You kept coming into frame from left and right then you just straight vsauce it.

notgate

Hi, thank you! Best programming tutorials I’ve seen. In two videos on DP you have exposed me to a hefty bag of tricks. I can’t wait to practically apply what you have shown me. Thanks again!

AlexanderMcNulty

Give this man a bigger white board (Great Explanation though)

vishalchauhan-qmnp

I was with you until about 4:30, then nothing made sense

theguildofsilence

You should count the time complexity on white board, It was a bit confusing for me to understand(can you give a better explanation for it for upcoming videos). But I understood the algorithm. Thanks man!!

Raj_Patel

2D array dynamic solution is easier to understand and implement, also it helps finding the logic of the recursive solution ( if you struggle in recursion), so checking 2d dp solution before moving to recursion is a good idea in this case

lazaronshyta

Why is the runtime O(total * n)?
Think about two test data:
[2, 4, 6, 10] total = 16, O(16 * 4) ?
[2000, 4000, 6000, 10000], total = 16000, O(16000 * 4)?

rockyfan

Nice video!

Just one suggestion in the final solution: it is not necessary to add the 4th condition (i.e. total < arr[i]). If that is the case, dp(arr, total - arr[i], i - 1, mem) will return 0 due to the 2nd condition.

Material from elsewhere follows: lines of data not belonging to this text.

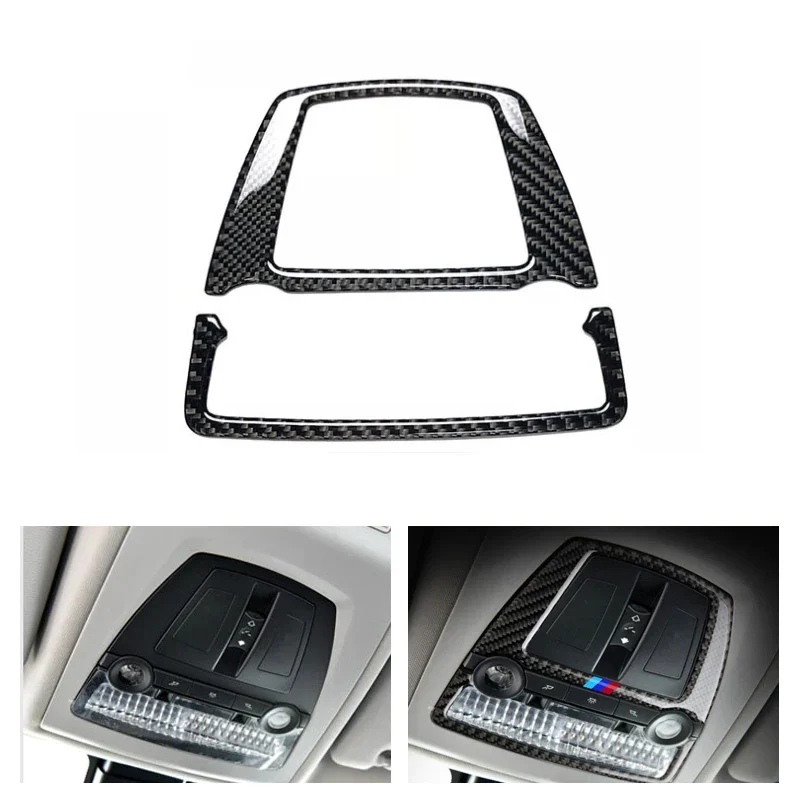 

Car Styling Real Carbon Fiber Front Reading Light Frame Cover Trim For BMW 5GT F07 F10 F25 F26 X3 X4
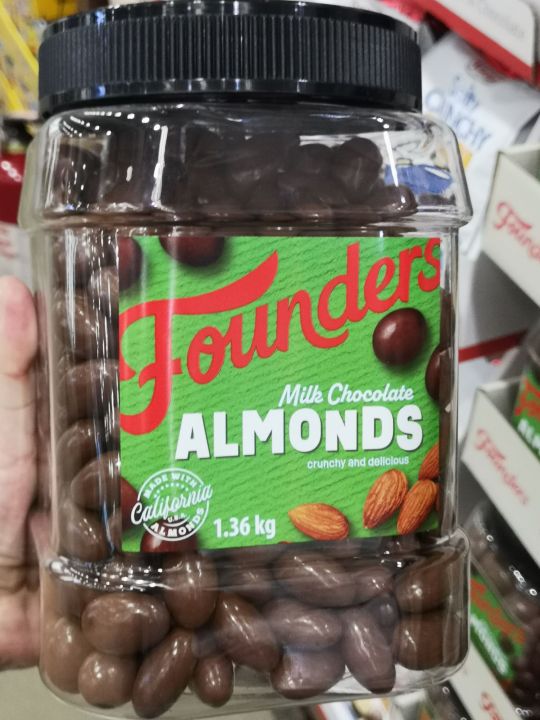 Founders Chocolate Almonds Jar 1.36kg Lazada PH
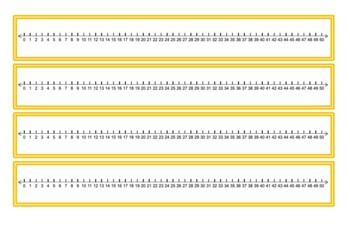 number lines 0 50 12 different versions by inspire to educate tpt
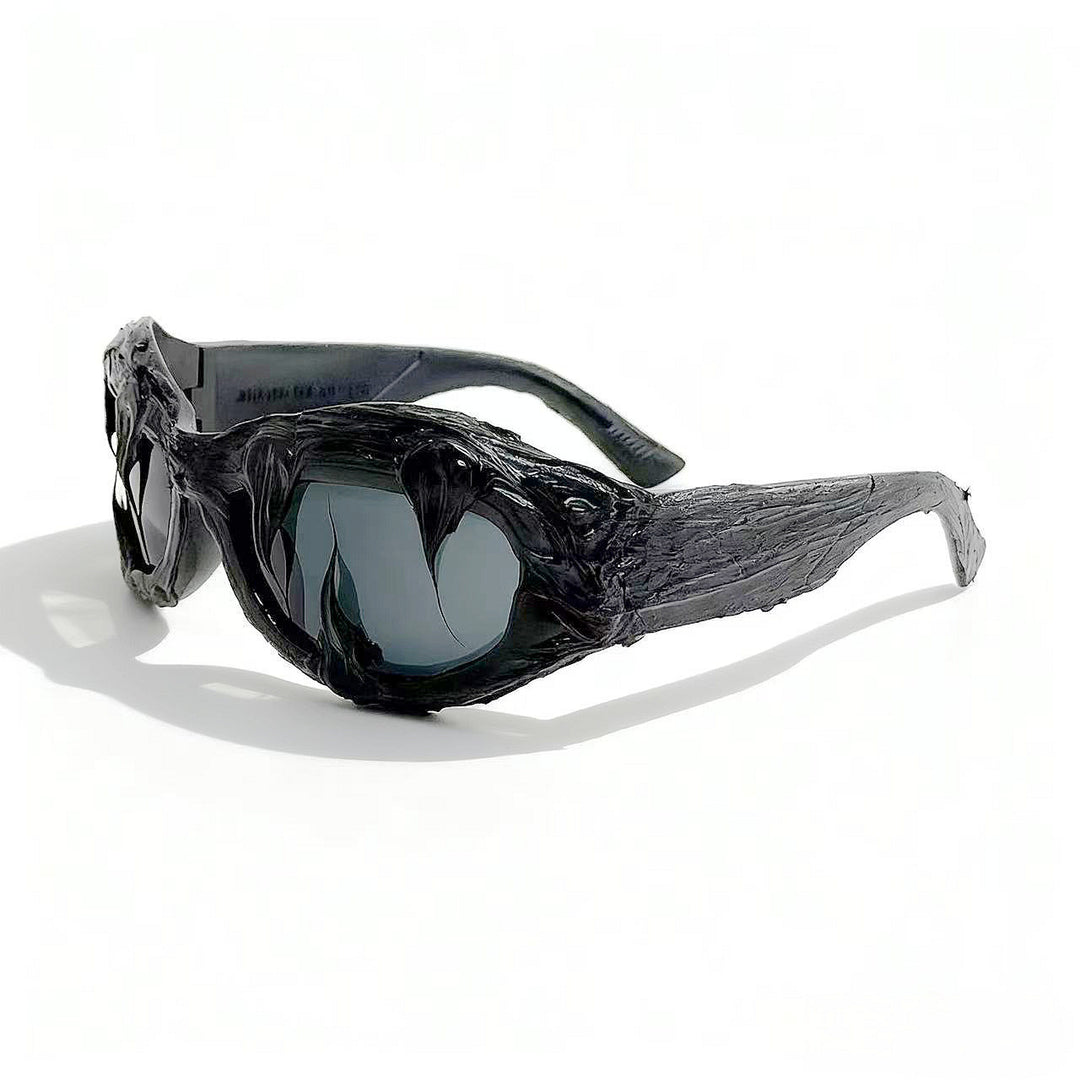 Women futuristic design sunglasses with unique textured surface Bowlift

However, I understand that by keeping the 4th condition you'll save a few insertions in the call stack, which is something that Python does not handle very efficiently.

arthuretf

Your time complexity calculations are a bit off. If you call dp twice per per call, you end up with exponential growth. So without dynamic programing, you'd call the the function 2^n times, not n*2 times. with dp, you can sometimes lower this as there is only total*n possible values for "total:i", which makes the complexity O(min(2^n, total*n)).


Also, you don't really need to test if total < arr[i] as dp(arr, total - arr[i], i-1, mem) will trigger total < 0 and return 0 right away.

mstmar

Minor point:
The 'else if total < 0' condition is kind of superfluous. It can only hit in the very first call from count_sets_dp and would be better placed there if you want to check for correct input. In the recursive function itself the 'else if total < arr[i]' condition assures that total doesn't fall below 0.

Stumdra

wouldn't it be nicer to remove `total < arr[i]` condition branch and just let the to_return = (dp(arr, total - arr[i], i-1, mem) + dp(arr, total, i-1, mem)) since the first part will alway return 0 if total - arr[i] < 0?

emolieren

This content is so valuable. I will even buy it if it was paid. 👍👍
Thanks!!

yashnagda

Please try this

Supervin loves to eat candies. Today, his favorite candy shop is offering N candies, which are arranged in a line. The i-th candy in the line (counting starting from 1) has a sweetness level Si. Note that the sweetness level of a candy might be negative, which means the candy tastes bitter.

Supervin likes to eat sweet candies. However, candies with a combined sweetness level of more than D would be too much sweetness even for him. Supervin also realises that a candy with an odd sweetness level is "odd", and he does not want to eat more than O odd candies. In other words, an odd candy is a candy with a sweetness level that is not evenly divisible by 2. Additionally, since Supervin is in a rush, he can only eat a single contiguous subset of candies.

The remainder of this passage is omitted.